Keep calm and focus on shareholder value. You’re not some sort of far right science denier, are you? The innocent have nothing to fear.
https://www.theatlantic.com/culture/2026/05/worker-surveillance-emotion-ai/687029/
A robot Buddhist monk was recently shown to the public in Kore. Were such a thing to happen in Christianity, we’d classify it as a blasphemy. I do not know enough about Buddhism to identify the conceptual counterpart, but I’m pretty sure one exists.
If you thought chatbots were bad for mental health, have I got news for you: iRobot co-founder has launched a new startup called Familiar Machines & Magic - their mission is to develop "Familiars". What are those and why does it sound like familials from fantasy literature? I’m glad you asked: lifelike, AI-powered (ofc) companion robots designed to “foster deep emotional connections”. These "physically embodied" systems use on-device generative AI to evolve distinct personalities through owner interaction.
What could possibly go wrong.
https://futurism.com/robots-and-machines/roomba-inventor-moves-into-demon-market
Tokenmaxxing is the worst productivity metrics since the number of JIRA tickets closed. Honorary mention to number of git commits.
https://finance.yahoo.com/sectors/technology/articles/amazon-employees-admit-using-ai-132411310.html
RESEARCH
ByteDance researchers have introduced Token-based Recommendation Model (TRM):
The framework replaces traditional item IDs with structured semantic tokens to unlock scaling and performance in large scale recommendation systems.

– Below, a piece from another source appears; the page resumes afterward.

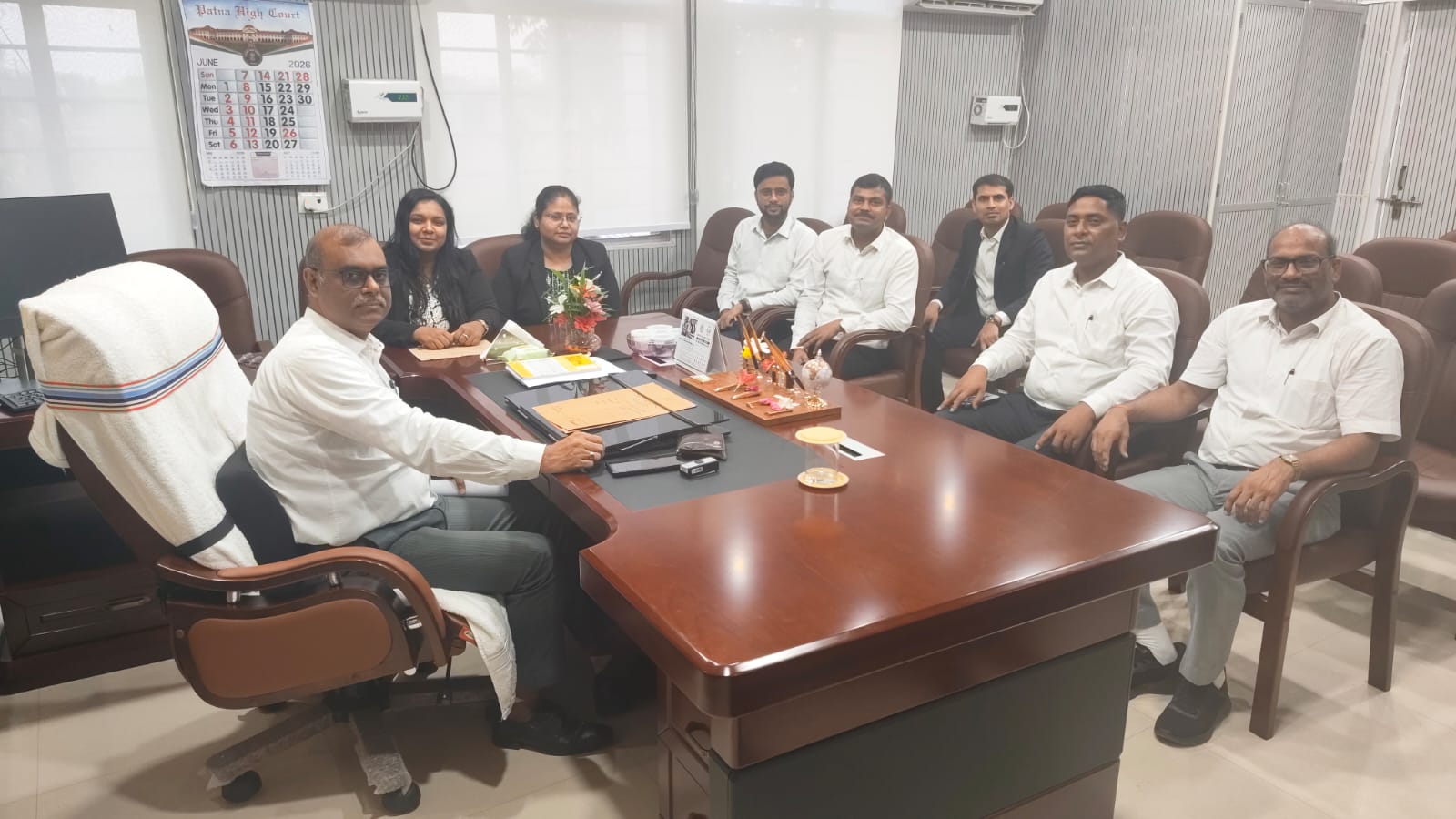 हिंदी समाचार | 18 जुलाई को विशेष लोक अदालत का...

By shifting from independent categorical symbols to a closed set of semantic tokens, TRM eliminates the cold-start problem and provides a stable training distribution
The system utilizes a multi-modal LLM (Qwen2.5-VL) for video captioning and combines residual quantization with Byte Pair Encoding to capture complex semantic combinations (rather common in e-commerce and other domains where recommenders abound) .
In real-world deployment on ByteDance’s video search engine, the model reduced sparse storage by over 30pct while delivering significant gains in CTR.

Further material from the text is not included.